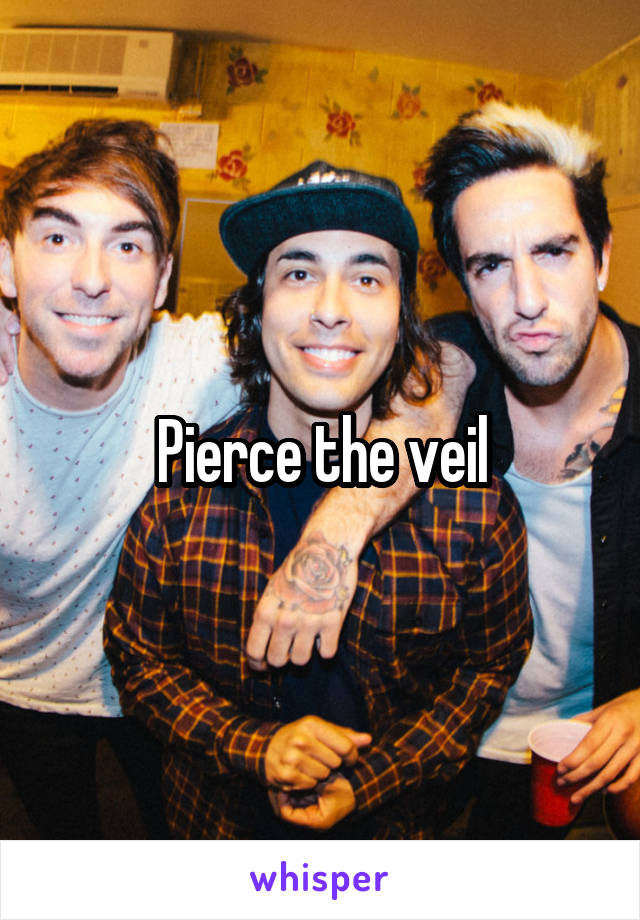 Pierce the veil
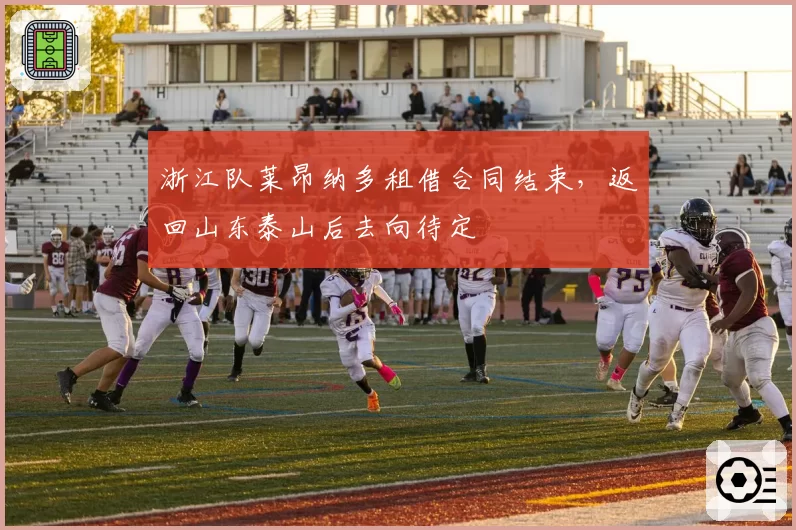 浙江队莱昂纳多租借合同结束，返回山东泰山后去向待定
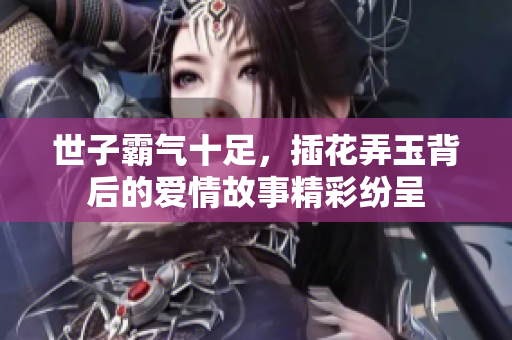 世子霸气十足，插花弄玉背后的爱情故事精彩纷呈
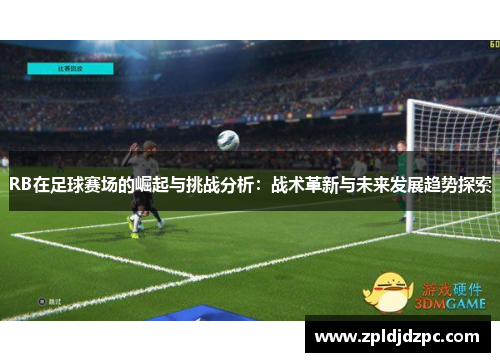 RB在足球赛场的崛起与挑战分析：战术革新与未来发展趋势探索
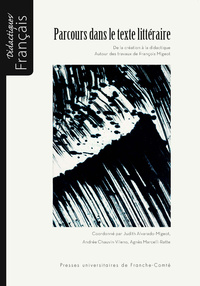 Picture of Parcours dans le texte littéraire - de la création à la didactique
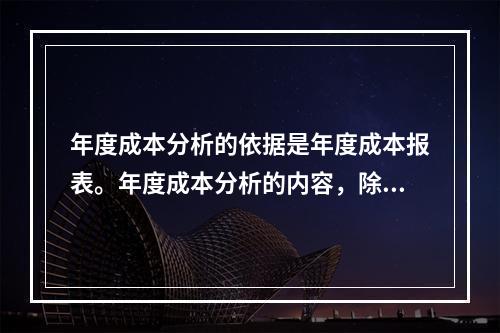 年度成本分析的依据是年度成本报表。年度成本分析的内容，除月（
══════════════════════════════
§ **EXERCISE PROMPT**:
Each of the entries above must be copied exactly, but the pictures stay out.

§ **ANSWER SPACE**:
 Pierce the veil
 浙江队莱昂纳多租借合同结束，返回山东泰山后去向待定
 世子霸气十足，插花弄玉背后的爱情故事精彩纷呈
 RB在足球赛场的崛起与挑战分析：战术革新与未来发展趋势探索
 Picture of Parcours dans le texte littéraire - de la création à la didactique
 年度成本分析的依据是年度成本报表。年度成本分析的内容，除月（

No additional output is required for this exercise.